Le climat vaut bien une messe, non?

Ils étaient sept magistrats, comme sept célébrants, dans la cathédrale mondiale de la météo, pour nous chanter les vertus du «Plan climat cantonal». Une conférence de presse? Non, une grand-messe.

  • L’urgence climatique se définit aux horizons 2030, 2050. Pour la crise sociale, les jeunes

    L’urgence climatique se définit aux horizons 2030, 2050. Pour la crise sociale, les jeunes perspective, les rentes malingres des retraités, nous verrons plus tard. 123RF

In corpore.
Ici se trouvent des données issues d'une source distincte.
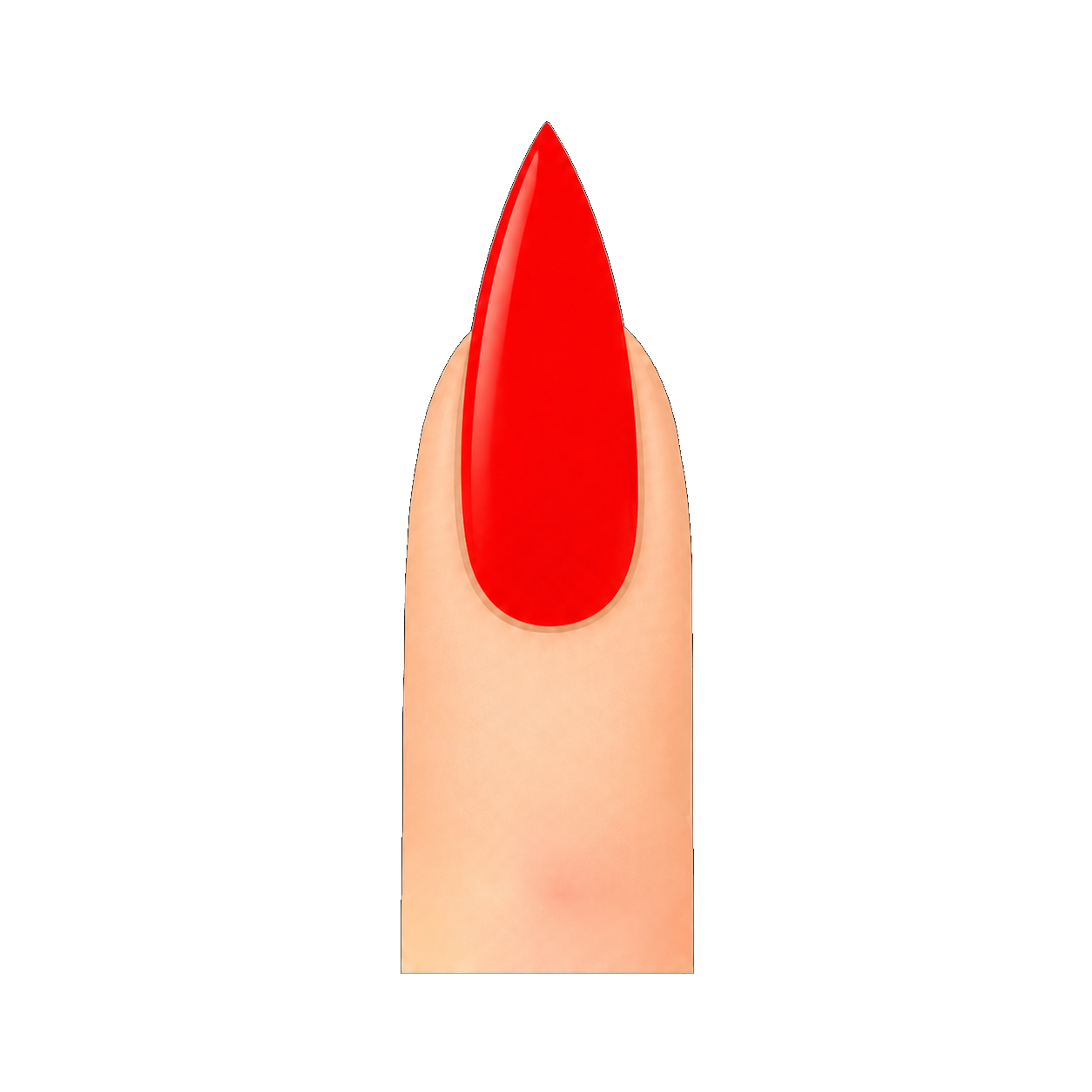 STILETTO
Le Conseil d’Etat s’est présenté au grand complet, mercredi 2 juin 2021, pour nous parler climat. Les sept magistrats étaient certes en civil, mais des chasubles eussent peut-être été d’usage, et pourquoi pas quelques vapeurs d’encens, les grandes orgues, les petites fugues de Bach, la majesté du latin, pour montrer que c’était du lourd. D’ailleurs, le gouvernement de la République et Canton de Genève n’était pas chez lui, ce jour-là. Pour l’occasion, il avait déserté l’austérité patricienne de la Vieille-Ville pour se rendre à l’Organisation météorologique mondiale (OMM). Histoire d’en rajouter dans l’ordre de la symbolique, au cas où tous n’auraient pas été pénétrés par la gravité de cette apparition de sept cassandres tutoyant la fin du monde. Bref, le Conseil d’Etat, ce jour-là, a mis le paquet.

Horizon 2030, voire 2050

Il s’agissait de nous présenter le «Plan climat cantonal 2030». Vous avez remarqué? Tout, ces temps, se définit à l’horizon 2030. Et si, par hasard, on estime en haut lieu, dans les nimbes météorologiques du pouvoir, que le délai est un peu serré, alors peu importe, on le repousse à 2050. Nous avons, en Suisse, une crise sociale, liée à la crise sanitaire, nous avons des jeunes sans emploi, ni perspectives. Nous avons des retraités qui rament pour cause de rentes malingres. Nous avons des livreurs qui deviennent cinglés dans les bouchons. Mais non, la politique, elle, se définit aux horizons 2030, 2050. On voit plus loin que royaume des presbytes, on jette son regard vers les horizons perdus, à nous l’avenir. Pour le présent, nous verrons plus tard.

Nos péchés

Ce mercredi 2 juin donc, l’exécutif in corpore. La grand-messe. Liturgie, prières, psaumes, sans oublier le sermon. Mieux encore: la secrétaire générale adjointe de l’OMM a droit au discours d’introduction. Elle entre en matière sur le fond, adoube d’avance les options climatiques du Conseil d’Etat: lorsqu’on parle du bien, on évite d’en dire du mal. Et puis, après quelques minutes, l’éminente fonctionnaire internationale daigne «donner la parole» au président du Conseil d’Etat. Lequel, docile, bien obédient à l’instance mondialiste qui l’accueille, entame le long confiteor de tous nos péchés qu’il va s’agir, d’ici à 2030 (ou 2050, si on prend quelque retard), de laver. Après tout, quand il s’agit de se délivrer du mal, on n’est pas à vingt ans près. Je vous passe le détail purgatoire, le chemin de croix de la dépollution, la rédemption par la taxe, version moderne de l’indulgence, à l’époque de Luther.

Piste cyclable enchantée

Bref, on nous promet du sang et des larmes, et même pas un petit cigare churchillien pour tenir le coup. Allons, pèlerins, cheminons. Chassons de nos vies la diabolique voiture. Que la piste cyclable soit notre route enchantée, notre voie lactée pour enfin fréquenter les anges. Tout cela valait bien un septuor, non? Un gouvernement décentralisé au paradis du soleil et des nuages, avec le dieu Mercure comme messager de nos songes. Ce mercredi-là, la messe était parfaite. Quant à la quête, vous la retrouverez bientôt. Sous la forme rédemptrice de taxes et d’impôts. Que du bonheur. Ah, un détail encore: demain, il fera beau. Demain, toujours demain.